One thing was constant: poor Jacques never saw a penny. Copywrite laws either did not exist at all, or California was so far away from everything else that no one was taken to court. Pippin revived that tradition in the 1980s: besides all the famous ones, look at the list he put on: Bridge of Sighs, Brigands, The Cat who Turned into a Woman (La Chatte métamorphosée en femme, 1858), New Woman or Genevieve of Brabant, M. Choufleuri, Les Bavards, a double bill of the two one-acters Le 66 and Un mari à la porte, Madame l’Archiduc, another double bill of L’île de Tulipatan and Ba-Ta-Clan, and Barbe-Bleue. He even did a musical biography of Jacques.
The Online Archives of California
This was a staggering list, made more so when you know that Offenbach was not just his favorite; for over three decades, Pippin also performed around one hundred other works: Handel alone in the original. Obscure national operas from Poland and Bohemia became talked-about works for San Franciscans of the 1980s and 90s. Seventy of his translations, but not nearly all of them, are found at Stanford’s Music Archives, part of the Online Archives of California (OAC). You can find only nine “Offenbachs” there. Scroll down a bit; it’s right after the Mozart Collection. But many, including Trébizonde, are not included. You may be staggered as you read down the huge list of all those translations of operas. Many of them are gems and should be better known. And all of them are supremely singable.

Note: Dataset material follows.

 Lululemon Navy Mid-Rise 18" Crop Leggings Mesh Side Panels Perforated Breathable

The one piece he was fascinated by, from what little he had heard of it, was the just mentioned La Princesse de Trébizonde. He wrote a translation that was so good I still remember parts of it, after 40 years. For instance, in Act One, when Trémolini first describes the Princess and the lottery to win a chateau, The Public answers “Ah! Que de plaisir pour ce soir!” Shea translates that for the new Opera Rara CD as “So much to hope for, so much to enjoy.” But I couldn’t help wanting to sing out Pippin’s, “To have a shot at the chateau!” As my work took me to Europe several times a year, I volunteered to go to Paris and try to find complete scores, with librettos. (Pippin had a hard time getting anything in complete form.)
It was during that trip that I met Antonio d’Almedia and befriended him and his lovely wife Lynn until Tony’s much too early death. Incidentally, d’Almedia’s favorite unknown was Madame l’Archiduc. “You can’t understand why it’s not done all the time,” he told me as he played some on his piano. He was envious of what Pippin was doing in San Francisco. And it was very likely that nowhere else on earth during the 80s and 90s was one able to hear so much Offenbach. With a slim orchestra and bare bones production values, the object was to let the piece proclaim itself. Virtually unknown outside of the SF Bay Area, Pocket Opera developed a fervent local following.

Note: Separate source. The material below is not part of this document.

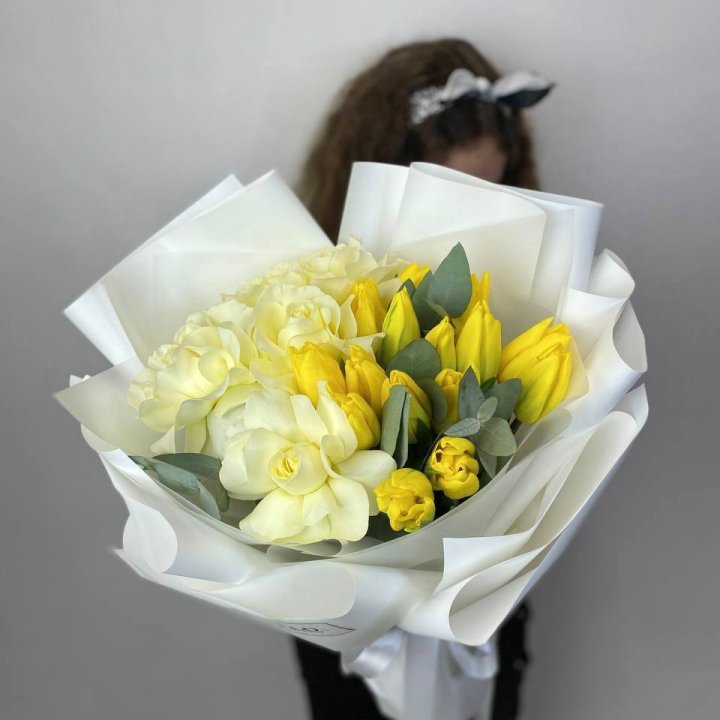 Дуо жёлтые тюльпаны и розы в Хосте и Кудепсте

When Donald Pippin died two years ago at age 95, it was front-page news. When he showcased Trébizonde’s Princess in a run of ten, it was a highlight of my life. Offenbach got academic respect with the 2017 publication of Laurence Senelick’s Jacques Offenbach and the Making of Modern Culture. His favorite “unknown”: La Princesse de Trébizonde. And had I not been lucky enough to hear a version myself, it would have been mine as well.
The “Lighter” Baden-Baden vs. the “Paris” Version
And now, finally, we have as complete a version of La Princesse as is possible. Maybe we should say “versions” since there are actually two. The first, lighter version was done at Baden-Baden in the summer of 1869. Though the head of the Bad Ems casino commissioned it, Offenbach choose to move it to the more fashionable – now as then – casino at Baden-Baden.

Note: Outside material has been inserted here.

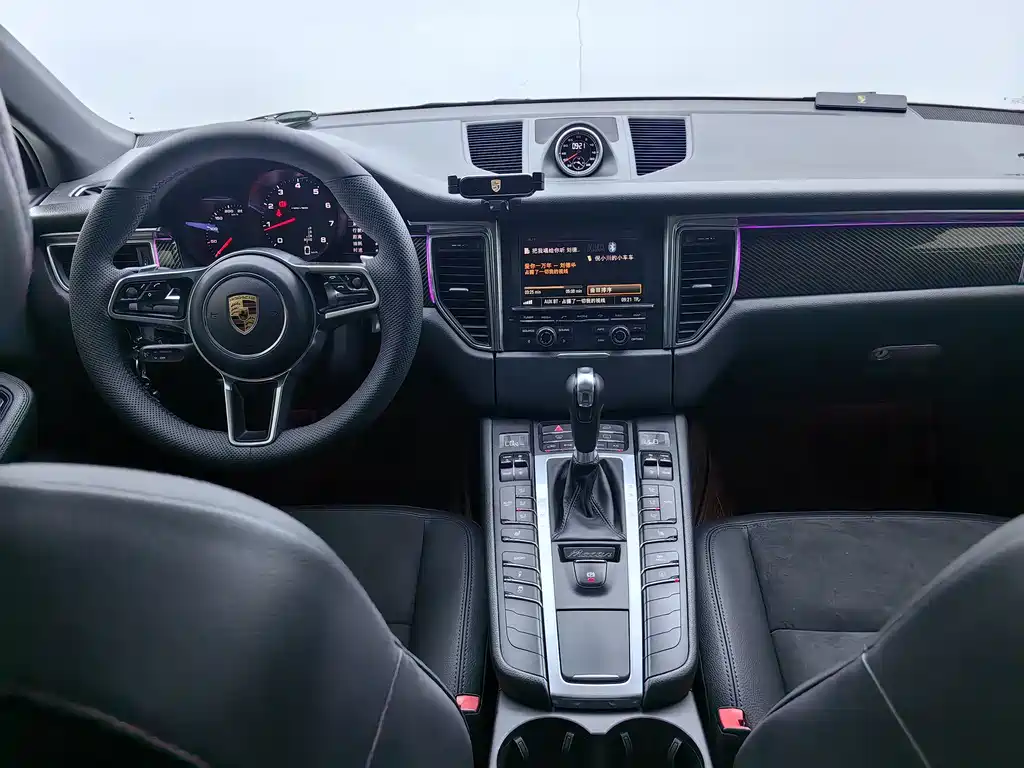 Porsche Macan — миниатюра 5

He used several pieces from the never performed La Baguette. (As I wonder what that was about, my mouth waters …) From the first, he knew he had something special and instructed his two librettists to produce a work worthy of the Paris stage. He nearly always wrote music faster than his writers could keep up with him. Working at his summer home in Normandy’s Étretat, he constantly implored his two writers – Charles Nuitter and Étienne Tréfeu – to join him. “Neither of you are any good without the other; either both of you come or none of you!” he added. They came, but he still wasn’t happy.
This was an important work for him, and he took an active hand in the libretto himself. The July 31 premiere at the Prussian casino town was an international event. In the audience were several crown princes. But most colorfully sat the famed (or infamous) courtesan Valtesse de La Bigne. Her name may mean nothing now, but at that time “She Ruled Paris from Her Bed.” There’s an entertaining 15-minute YouTube biography of her (one in a series of “Forgotten Lives”). It was rumored that she could deny Offenbach nothing. His long-suffering wife put an end to that liaison with the help of a police inspector, as Keck tells us in his extremely interesting essay in the Opera Rara CD set.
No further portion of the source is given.